What is now required is a decision by mutual agreement of the ESM Board of Governors to create a new ESM instrument in accordance with Article 19 of the ESM treaty. The aim is to have this process completed by early November this year, subject to completion of national approval procedures. For Ireland the European Stability Mechanism (Amendment) Bill 2014, which is currently passing through the Houses and is expected to be enacted by the end of this month, will fulfil this purpose. Once the Single Supervisory Mechanism is in place and operational, on 4 November this year, it is expected that the ESM Board of Governors will then take a decision to include the DRI among the list of ESM instruments.

In relation to retrospective recapitalisation, the draft guideline states that the potential application of the instrument for this purpose should be decided on a case-by-case basis and by mutual agreement. As I have stated previously, it will not be possible to make a formal application to the ESM for retrospective recapitalisation before the Instrument is in place as expected in November.

However I would remind the Deputy that unlike back in 2012, the ESM is no longer the only option open to us to recover the money provided to recapitalise our banks.  Investors are now willing to invest in Irish banks again and the market value of our investments has improved accordingly.

The decision on any application once the instrument is in place is a matter of timing. I believe that in Europe a strategic approach tends to deliver and I therefore intend to keep the option of a retroactive recapitalisation  on the table with the timing of any application to be decided in due course.

National Debt

Questions (71)

Brendan Griffin

Question:

71. Deputy Brendan Griffin asked the Minister for Finance Ireland’s debt position in 2015; the amount of this that may be attributed to legacy banking debt; and if he will make a statement on the matter. [40614/14]

View answer

Written answers

The recent Budget 2015 publication projected a general government debt figure of €209.9 billion or 108.5% of GDP at end 2015.

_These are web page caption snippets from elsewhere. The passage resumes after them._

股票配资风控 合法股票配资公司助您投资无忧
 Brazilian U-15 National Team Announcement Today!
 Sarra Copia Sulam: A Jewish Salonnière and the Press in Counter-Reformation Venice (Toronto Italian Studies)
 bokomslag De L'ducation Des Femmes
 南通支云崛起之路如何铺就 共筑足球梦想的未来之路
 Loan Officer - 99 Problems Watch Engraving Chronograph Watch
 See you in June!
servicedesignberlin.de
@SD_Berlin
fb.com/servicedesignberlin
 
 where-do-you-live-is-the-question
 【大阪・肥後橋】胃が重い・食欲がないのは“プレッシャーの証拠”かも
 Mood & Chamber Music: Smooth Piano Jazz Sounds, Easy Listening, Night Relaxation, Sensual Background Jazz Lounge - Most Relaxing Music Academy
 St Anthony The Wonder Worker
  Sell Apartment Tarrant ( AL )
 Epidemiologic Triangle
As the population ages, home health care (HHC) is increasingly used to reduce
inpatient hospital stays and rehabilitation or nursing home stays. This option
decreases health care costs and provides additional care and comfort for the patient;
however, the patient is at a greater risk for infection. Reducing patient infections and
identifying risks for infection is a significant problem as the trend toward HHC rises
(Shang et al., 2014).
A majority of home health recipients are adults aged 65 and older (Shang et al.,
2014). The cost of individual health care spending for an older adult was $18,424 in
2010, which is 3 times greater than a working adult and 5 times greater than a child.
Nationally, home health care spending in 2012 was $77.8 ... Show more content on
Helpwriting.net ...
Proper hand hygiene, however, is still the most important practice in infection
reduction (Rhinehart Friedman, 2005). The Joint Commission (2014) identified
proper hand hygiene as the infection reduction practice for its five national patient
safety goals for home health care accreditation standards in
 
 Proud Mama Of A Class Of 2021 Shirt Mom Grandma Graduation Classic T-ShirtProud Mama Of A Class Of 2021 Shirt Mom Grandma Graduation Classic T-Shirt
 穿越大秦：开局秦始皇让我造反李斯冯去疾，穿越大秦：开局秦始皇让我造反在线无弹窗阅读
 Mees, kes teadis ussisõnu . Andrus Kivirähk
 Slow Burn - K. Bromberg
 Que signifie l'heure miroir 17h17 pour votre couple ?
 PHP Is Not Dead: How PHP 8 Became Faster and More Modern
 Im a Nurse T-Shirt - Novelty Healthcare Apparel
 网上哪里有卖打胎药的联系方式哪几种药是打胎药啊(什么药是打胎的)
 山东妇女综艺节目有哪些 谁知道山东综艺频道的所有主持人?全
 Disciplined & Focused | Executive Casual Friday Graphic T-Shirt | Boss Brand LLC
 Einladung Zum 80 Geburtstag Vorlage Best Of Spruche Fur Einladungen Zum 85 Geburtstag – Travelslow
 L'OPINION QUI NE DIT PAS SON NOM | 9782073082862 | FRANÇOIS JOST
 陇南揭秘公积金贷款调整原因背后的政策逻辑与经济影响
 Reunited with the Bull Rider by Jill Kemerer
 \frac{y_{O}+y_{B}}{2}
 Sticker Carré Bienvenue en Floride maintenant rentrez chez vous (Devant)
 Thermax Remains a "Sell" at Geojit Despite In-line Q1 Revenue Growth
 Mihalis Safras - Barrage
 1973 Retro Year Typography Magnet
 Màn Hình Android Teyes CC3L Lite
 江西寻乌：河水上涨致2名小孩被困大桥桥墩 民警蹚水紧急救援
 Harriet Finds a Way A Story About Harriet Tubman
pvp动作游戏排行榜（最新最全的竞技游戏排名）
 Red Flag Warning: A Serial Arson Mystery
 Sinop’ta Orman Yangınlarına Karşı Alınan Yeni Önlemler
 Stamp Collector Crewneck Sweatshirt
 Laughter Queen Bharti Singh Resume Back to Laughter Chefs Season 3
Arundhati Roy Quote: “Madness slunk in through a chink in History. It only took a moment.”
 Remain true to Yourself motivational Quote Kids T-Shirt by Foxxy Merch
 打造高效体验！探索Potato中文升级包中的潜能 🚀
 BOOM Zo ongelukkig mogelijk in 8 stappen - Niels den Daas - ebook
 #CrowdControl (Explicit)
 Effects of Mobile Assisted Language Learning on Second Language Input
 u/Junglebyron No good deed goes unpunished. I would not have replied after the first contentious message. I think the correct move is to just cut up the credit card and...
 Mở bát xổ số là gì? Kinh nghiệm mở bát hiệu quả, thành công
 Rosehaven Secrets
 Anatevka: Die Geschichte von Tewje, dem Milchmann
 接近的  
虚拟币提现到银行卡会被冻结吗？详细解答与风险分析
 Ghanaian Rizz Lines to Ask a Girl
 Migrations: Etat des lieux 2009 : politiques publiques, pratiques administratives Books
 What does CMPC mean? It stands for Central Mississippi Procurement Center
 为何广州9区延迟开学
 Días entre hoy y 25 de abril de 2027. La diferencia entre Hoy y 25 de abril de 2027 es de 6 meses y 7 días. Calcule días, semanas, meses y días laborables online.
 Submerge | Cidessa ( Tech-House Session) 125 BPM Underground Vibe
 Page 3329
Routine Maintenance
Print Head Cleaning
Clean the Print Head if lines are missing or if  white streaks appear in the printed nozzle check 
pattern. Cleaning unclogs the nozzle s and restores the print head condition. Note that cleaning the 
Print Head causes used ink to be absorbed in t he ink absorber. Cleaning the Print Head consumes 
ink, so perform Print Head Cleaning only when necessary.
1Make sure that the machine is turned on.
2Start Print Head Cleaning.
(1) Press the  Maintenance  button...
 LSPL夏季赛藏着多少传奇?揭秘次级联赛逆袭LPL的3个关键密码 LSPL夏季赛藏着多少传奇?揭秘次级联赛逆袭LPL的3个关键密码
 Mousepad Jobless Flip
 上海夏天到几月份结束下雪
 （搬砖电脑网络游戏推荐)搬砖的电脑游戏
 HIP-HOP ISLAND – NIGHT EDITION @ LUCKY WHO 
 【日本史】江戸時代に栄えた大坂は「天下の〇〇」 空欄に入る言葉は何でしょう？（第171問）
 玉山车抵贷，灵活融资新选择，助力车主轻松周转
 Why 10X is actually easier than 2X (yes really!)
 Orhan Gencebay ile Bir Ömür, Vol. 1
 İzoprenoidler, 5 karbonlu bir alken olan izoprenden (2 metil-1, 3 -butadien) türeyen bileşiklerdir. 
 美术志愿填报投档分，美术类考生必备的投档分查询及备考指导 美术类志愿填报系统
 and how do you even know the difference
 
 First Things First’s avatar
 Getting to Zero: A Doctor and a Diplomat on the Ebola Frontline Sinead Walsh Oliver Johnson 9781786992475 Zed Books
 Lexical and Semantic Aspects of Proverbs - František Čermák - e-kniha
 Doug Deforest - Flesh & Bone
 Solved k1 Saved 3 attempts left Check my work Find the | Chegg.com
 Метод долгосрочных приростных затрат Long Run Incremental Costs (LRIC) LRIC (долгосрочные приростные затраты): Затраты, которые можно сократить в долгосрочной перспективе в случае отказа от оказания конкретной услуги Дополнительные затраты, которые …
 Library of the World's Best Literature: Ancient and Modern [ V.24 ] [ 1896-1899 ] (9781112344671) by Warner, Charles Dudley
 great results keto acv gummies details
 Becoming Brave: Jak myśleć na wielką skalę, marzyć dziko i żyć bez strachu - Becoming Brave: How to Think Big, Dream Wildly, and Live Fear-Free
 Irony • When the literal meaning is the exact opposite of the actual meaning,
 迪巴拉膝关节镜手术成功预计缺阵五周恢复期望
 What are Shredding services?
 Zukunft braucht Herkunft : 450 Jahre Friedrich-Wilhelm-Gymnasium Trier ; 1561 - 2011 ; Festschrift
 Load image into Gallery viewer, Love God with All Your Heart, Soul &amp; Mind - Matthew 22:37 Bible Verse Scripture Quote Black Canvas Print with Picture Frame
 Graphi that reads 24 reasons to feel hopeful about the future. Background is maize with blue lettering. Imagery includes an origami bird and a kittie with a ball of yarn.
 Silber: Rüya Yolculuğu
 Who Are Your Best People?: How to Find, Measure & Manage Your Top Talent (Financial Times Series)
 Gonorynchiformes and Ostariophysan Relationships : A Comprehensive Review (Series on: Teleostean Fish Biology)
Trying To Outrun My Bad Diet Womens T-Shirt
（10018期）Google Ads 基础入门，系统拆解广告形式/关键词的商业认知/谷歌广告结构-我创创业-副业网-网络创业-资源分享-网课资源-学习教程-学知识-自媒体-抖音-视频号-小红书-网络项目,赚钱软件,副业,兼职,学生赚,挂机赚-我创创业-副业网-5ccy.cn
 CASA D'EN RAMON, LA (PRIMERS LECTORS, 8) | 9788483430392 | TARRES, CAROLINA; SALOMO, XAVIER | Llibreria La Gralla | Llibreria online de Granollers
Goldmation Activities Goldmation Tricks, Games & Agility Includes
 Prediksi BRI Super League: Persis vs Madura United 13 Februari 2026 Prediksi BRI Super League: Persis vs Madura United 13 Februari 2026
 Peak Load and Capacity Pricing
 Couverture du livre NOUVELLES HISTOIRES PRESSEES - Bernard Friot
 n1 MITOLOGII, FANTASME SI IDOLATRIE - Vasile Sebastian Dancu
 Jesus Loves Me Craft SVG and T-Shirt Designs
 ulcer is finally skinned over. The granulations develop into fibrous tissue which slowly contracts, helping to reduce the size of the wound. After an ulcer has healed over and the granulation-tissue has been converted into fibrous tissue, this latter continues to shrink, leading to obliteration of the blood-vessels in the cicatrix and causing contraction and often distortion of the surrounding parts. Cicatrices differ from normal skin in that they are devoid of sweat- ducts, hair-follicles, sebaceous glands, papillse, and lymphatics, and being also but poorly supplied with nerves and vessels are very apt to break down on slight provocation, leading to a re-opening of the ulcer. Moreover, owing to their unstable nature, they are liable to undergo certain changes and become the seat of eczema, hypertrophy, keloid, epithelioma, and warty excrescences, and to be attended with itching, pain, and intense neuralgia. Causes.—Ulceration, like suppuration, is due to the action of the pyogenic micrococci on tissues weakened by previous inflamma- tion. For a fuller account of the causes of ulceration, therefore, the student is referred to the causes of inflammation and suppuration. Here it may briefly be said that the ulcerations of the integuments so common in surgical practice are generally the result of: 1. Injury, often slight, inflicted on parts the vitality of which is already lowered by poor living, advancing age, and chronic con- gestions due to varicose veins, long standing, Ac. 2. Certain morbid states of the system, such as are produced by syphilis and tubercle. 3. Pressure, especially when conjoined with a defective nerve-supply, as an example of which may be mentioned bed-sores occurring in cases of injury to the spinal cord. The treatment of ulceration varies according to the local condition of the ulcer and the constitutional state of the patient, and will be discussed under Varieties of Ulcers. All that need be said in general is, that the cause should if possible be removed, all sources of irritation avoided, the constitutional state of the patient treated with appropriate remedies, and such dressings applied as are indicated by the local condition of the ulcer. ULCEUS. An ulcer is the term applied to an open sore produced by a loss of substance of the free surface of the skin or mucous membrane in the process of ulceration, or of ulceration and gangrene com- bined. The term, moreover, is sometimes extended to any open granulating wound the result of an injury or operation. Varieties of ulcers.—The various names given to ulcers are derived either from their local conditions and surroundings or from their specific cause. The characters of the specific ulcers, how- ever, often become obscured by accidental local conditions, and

As per my recent response to Parliamentary Question No. 166 on 27 May 2014 (PQ 23246/14), I outlined that no specific tranches of borrowing were undertaken solely for the purpose of recapitalising the banking sector. Therefore, the debt component relating to the recapitalisation of the banks can only be estimated.

The previous parliamentary question provided in detail the type and level of capital injections injected into Irish banks since the start of 2009 and indicated that they can be separated into three categories.

(1) Capital injections that were made under Ministerial direction by the NPRF Commission amount to €18.8 billion (net of the sale of Bank of Ireland preference shares in 2013). There is no debt effect associated with these payments as they did not require borrowing.

(2) The promissory notes to IBRC and EBS added €30.85 billion to the general government debt, but not the national debt, in 2010. The IBRC promissory notes were cancelled and replaced with a portfolio of eight floating rate Government bonds for a total amount of €25 billion which will lead to a reduction in general government debt over time.

(3) By the end of 2013, €10 billion (net of the sale of Bank of Ireland equity in 2011, the sale of Irish Life and the sale of contingent capital notes in 2013) is estimated to have been paid through direct payments from the Exchequer account to the banking sector. Although no specific borrowing was made in the cases of interventions paid through the Exchequer they would have impacted on the cash reserves held by government.

In addition to the recapitalisation payments made to these institutions there have been some developments which have offset these measures. These include the aforementioned sale of Irish Life and the BOI contingent capital notes.

There have also been fees paid to the Minister under the Credit Institutions Financial Support and Eligible Liabilities Guarantee schemes amounting to €4.4 billion from 2008 to 2014.

On the basis of the continued progress in relation to the liquidation of IBRC the overall debt figure has continued to reduce.